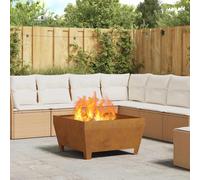 Fire Pit Square Weathering Steel Brown 80x80x43cm Heavy-Duty Outdoor with Cover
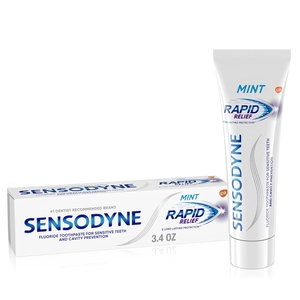 Sensodyne Rapid Relief Toothpaste, Mint, 3.4 oz. tube, 6/pkg, 2 pkg/cs (12 tubes total).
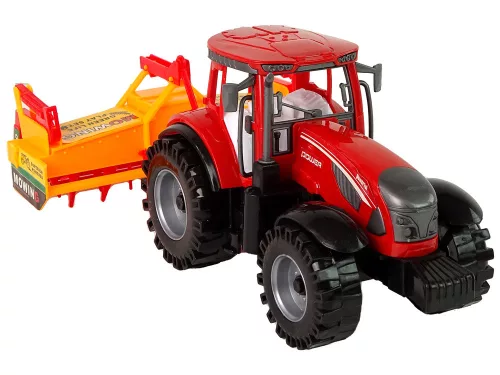 Piros traktor narancssárga kultivátor meghajtással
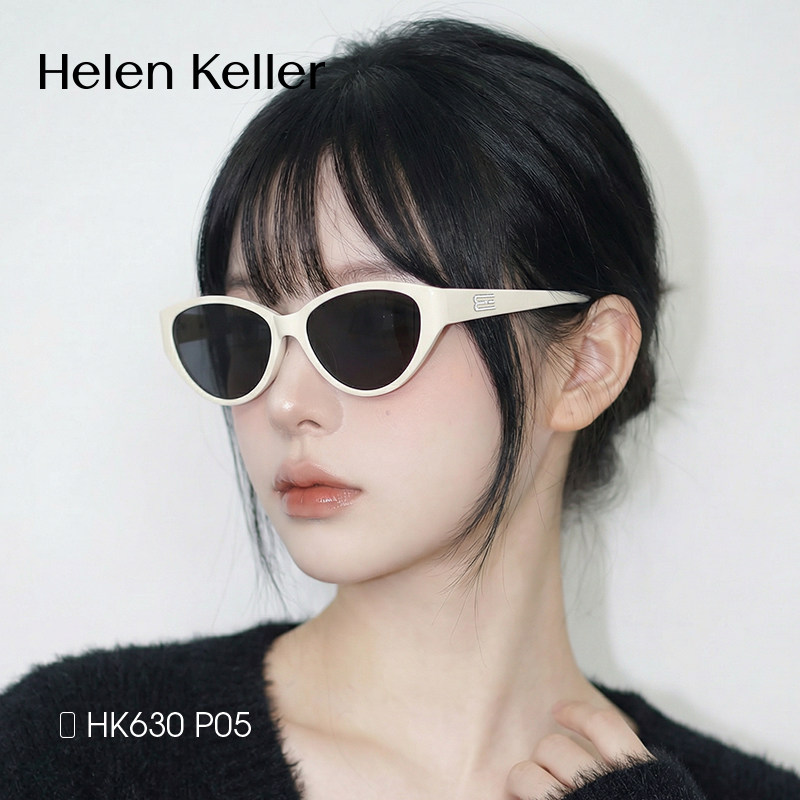 海伦凯勒白框猫眼墨镜女款近视配带度数多巴胺窄框太阳眼镜HK630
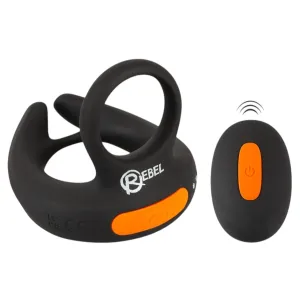 Inel dublu pentru penis REBEL Scrotum Stimulator. control prin telecomandă. 10 funcții de vibrație. negru cu portocaliu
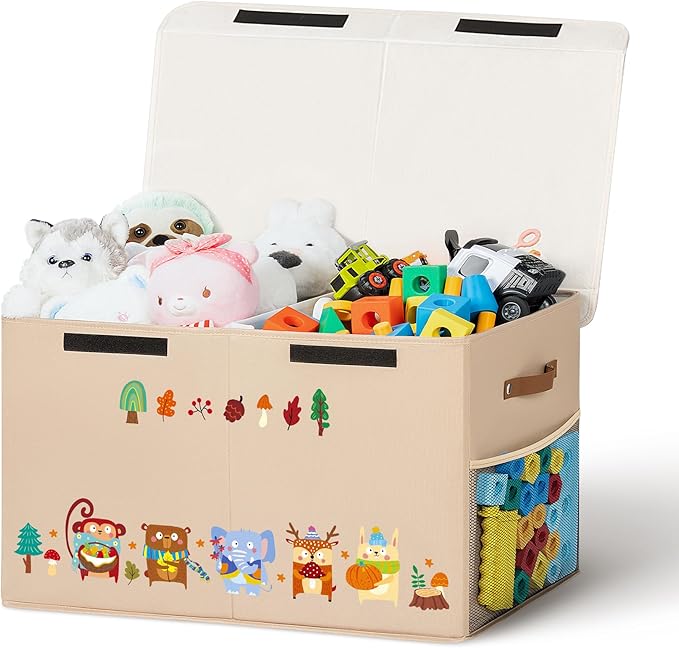 80L Large Toy Storage Box with Lid, Large Toy Box Chest for Kids, Girls and Boys, Nursery Room and Living Room, 26"x13" x16" (Dark Khaki-animal)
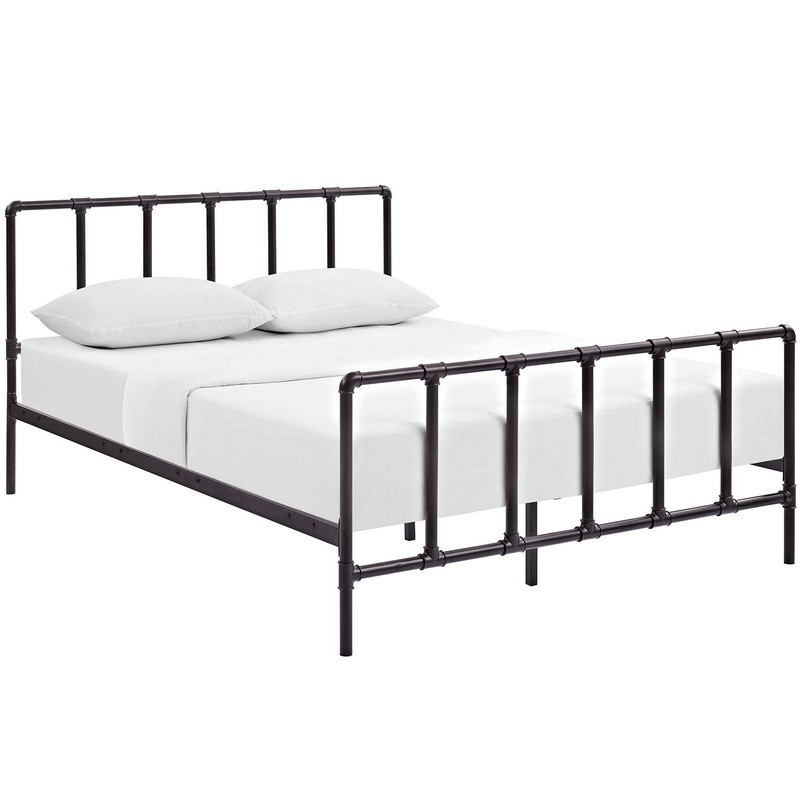 MODWAY MOD-5437 DOWER 84 INCH QUEEN STAINLESS STEEL BED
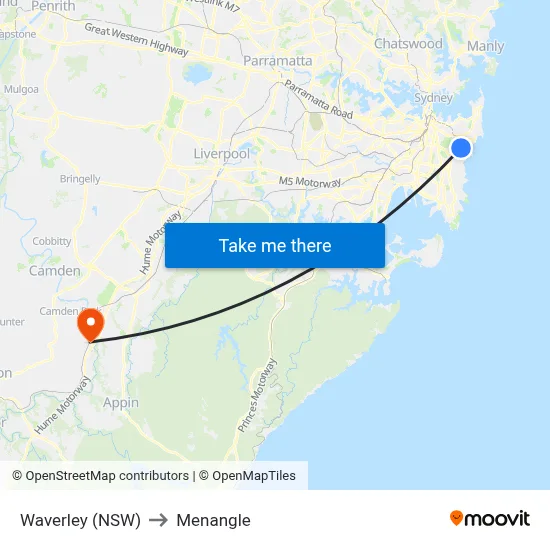 Waverley (NSW) to Menangle map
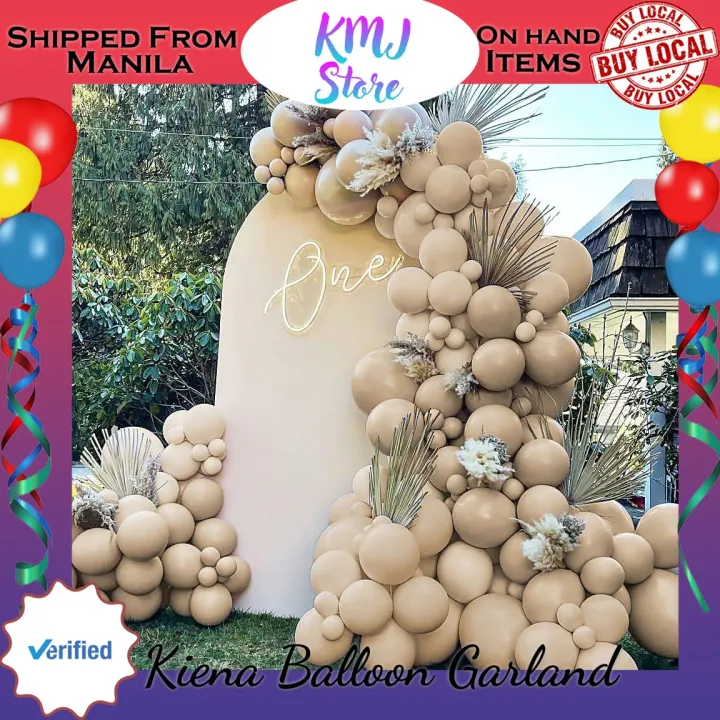 Kiena Balloon Double Stuffed Apricot Balloon Garland Tan Nude Brown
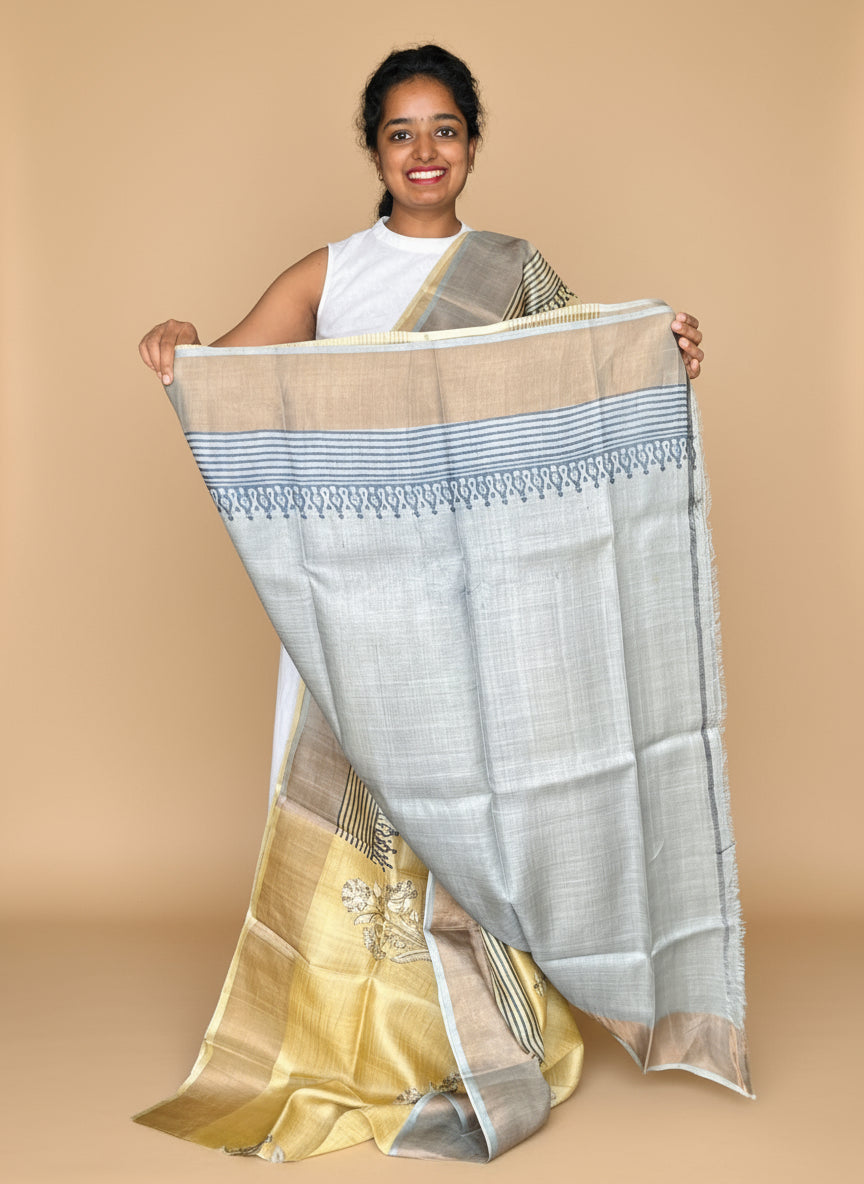 Yellow and Grey Tussar Silk Saree with Prints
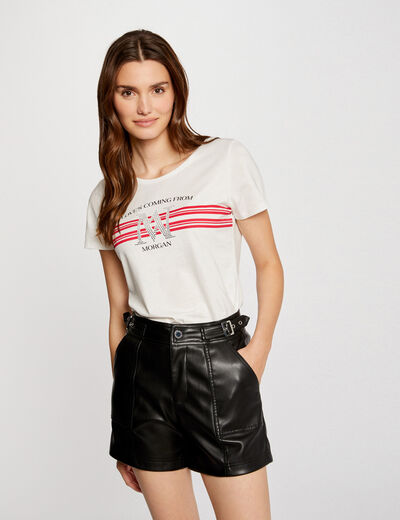 T-shirt manches courtes strass fuchsia femme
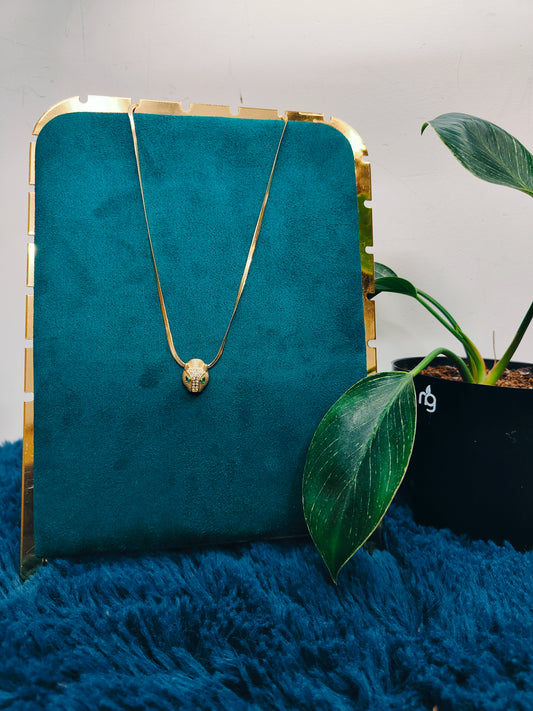 Gold AD Studded and Panther Textured Pendant Necklace|Green Stone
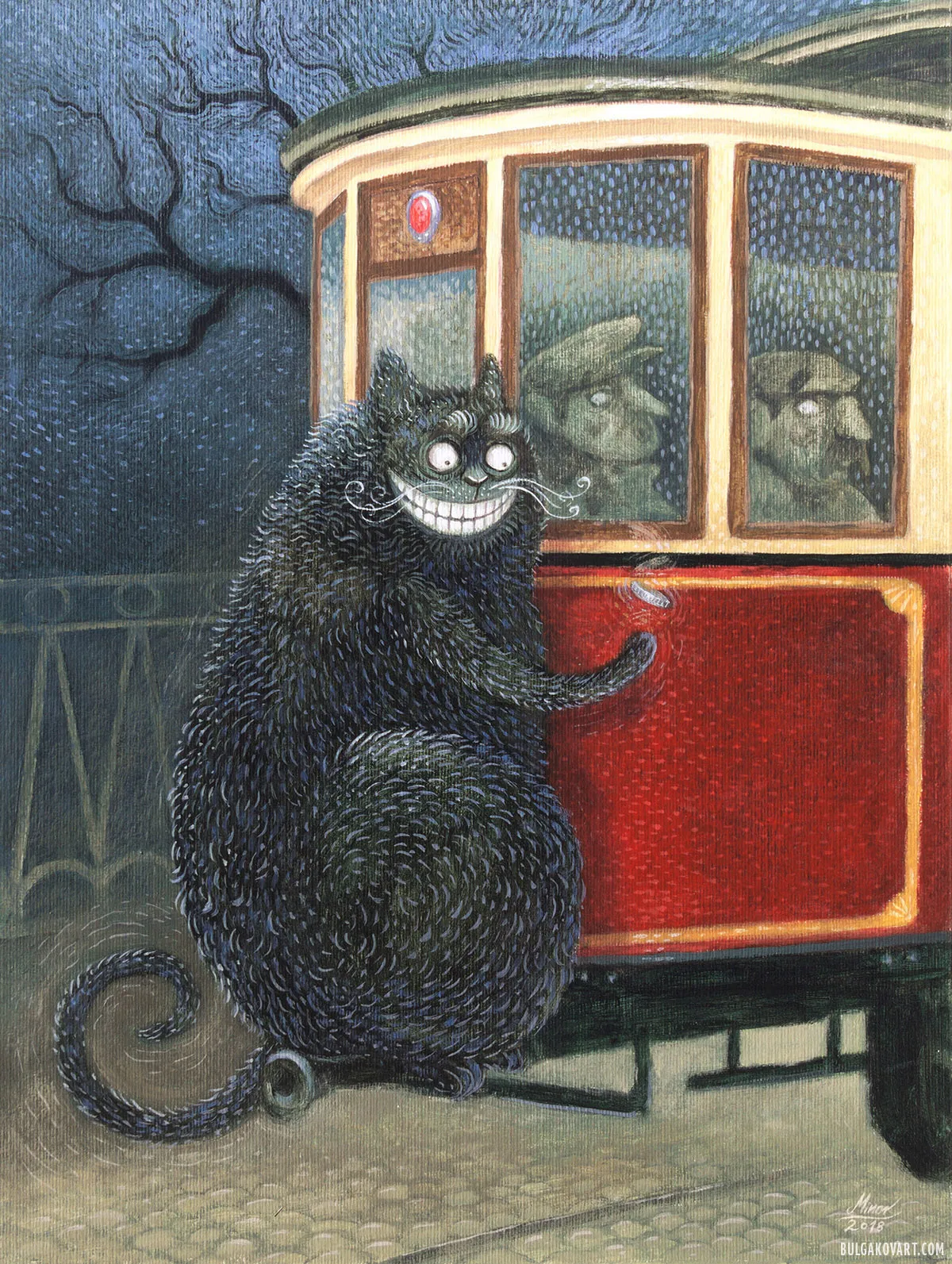 Behemoth the cat riding the tram | Mikhail Bulgakov, “The Master and Margarita”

-.-.-

▸ PROBLEM DETAILS
Copy exactly the lines that run from the one containing "Kiena Balloon Double" to the last line of the records, both included, and leave out every picture.

▸ FINAL ANSWER
 Kiena Balloon Double Stuffed Apricot Balloon Garland Tan Nude Brown
 Yellow and Grey Tussar Silk Saree with Prints
 T-shirt manches courtes strass fuchsia femme
 Gold AD Studded and Panther Textured Pendant Necklace|Green Stone
 Behemoth the cat riding the tram | Mikhail Bulgakov, “The Master and Margarita”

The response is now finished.